Bosnians yesterday started voting for leaders to steer the future of their poor Balkan nation, which has been splintered by ethnic divides that fueled the Bosnian War in the 1990s.
Bosnia remains a patchwork of enclaves, with power formally divided among its three main groups: Bosnian Muslims (Bosniaks), Serbs and Croats.
While the list of economic woes facing the nation is long, many voters said that they have lost faith in a political class accused of stoking fear and nationalism to stay in power.
Photo: AP
“I think the nationalists will win once again and nothing will change,” said Armin Bukaric, a 45-year-old businessman in Sarajevo, echoing a view common on the capital’s streets.
The Balkan country’s complex political system is a relic of the conflict from 1992 to 1995 that saw Muslims, Serbs and Croats turn on each other. The fighting left 100,000 dead, displaced millions and wrecked the country’s economy and infrastructure.
A quarter of a century later, Bosnia is still governed by a peace accord that stopped the war and sliced the country into two semiautonomous halves — one dominated by Serbs and the other home to Muslims and a Croat minority.
The regions are bound by a weak national government, led by a tripartite presidency that rotates between a Serb, Croat and Muslim member.
One leading candidate for the Serb seat, Milorad Dodik, is a pro-Russian nationalist who regularly dangles holding a vote on the secession of the country’s Serb-run entity Republika Srpska.
Victory would keep Dodik, who has been sanctioned by the US for threatening the country’s integrity, at the fore of Bosnian politics.

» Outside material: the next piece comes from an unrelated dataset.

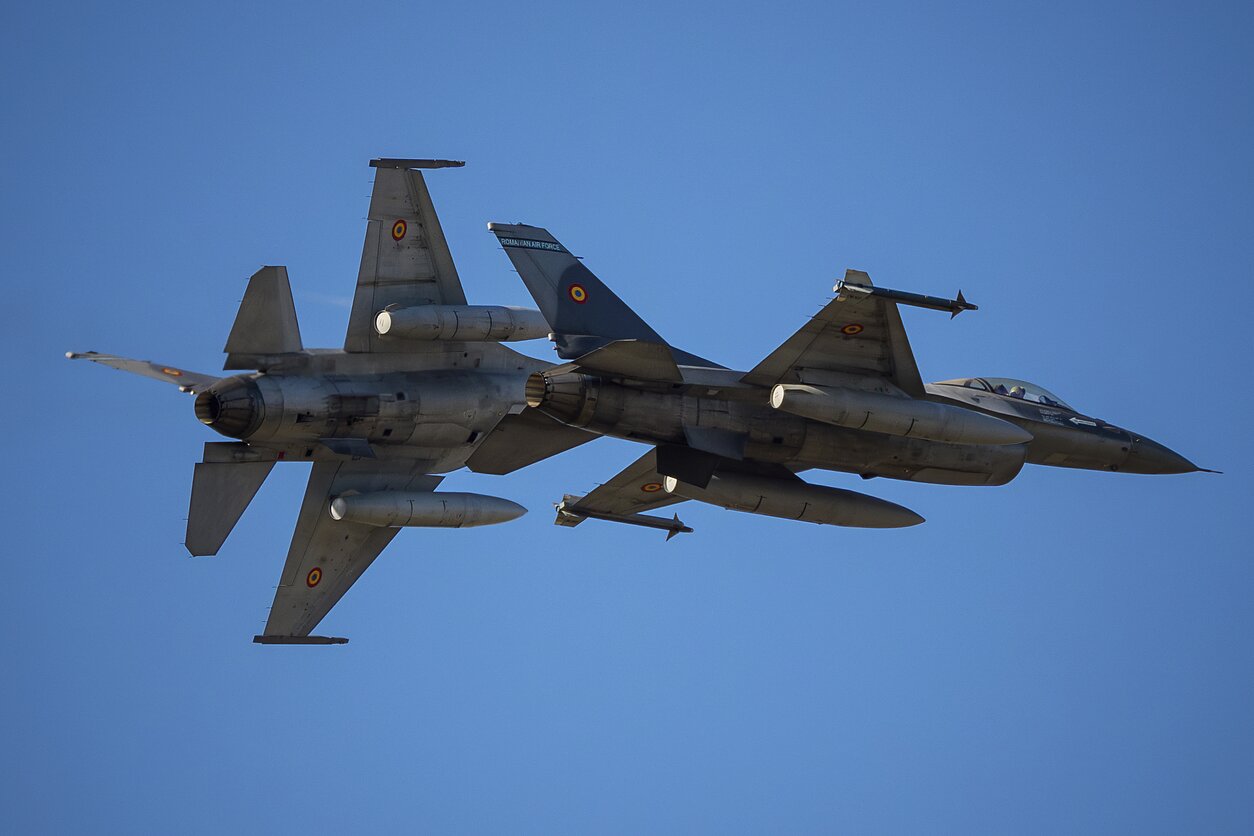 Naikintuvai F-16 Rumunijoje / Asociatyvi Naikintuvai F-16 Rumunijoje / Asociatyvi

It could also see him in a partnership with Croat incumbent Dragan Covic, who similarly advocates drawing deeper communal divisions.
Covic’s rightwing HDZ party would like to see the creation of a third entity just for Croats, who currently live in a region with a majority of Bosnian Muslims.
The purpose of these “ethnonationalist” policies is to “maintain the status quo and stagnation” that helps keep such leaders in control, political analyst Tanja Topic said.
Ranko Mavrak, a prominent Sarajevo journalist, said the country’s political outlook was “depressing.”
“We don’t see anything on the horizon that would offer some change to the systems and stereotypes that have governed this country for 25 years since the war,” he said in a TV interview.
While nationalists are trying to widen the gulf between different communities, a shared frustration with government corruption has brought some Bosnians together.
On Friday night it was not a campaign rally, but a grassroots protest calling for justice over a young man’s death that drew thousands of supporters to Banja Luka, the capital of the Serb-run entity.
The movement started in March and has evolved into a broader protest against corruption, drawing support from a diverse crowd.
A report by Transparency International said that corruption is a serious problem in “all levels of government” in Bosnia.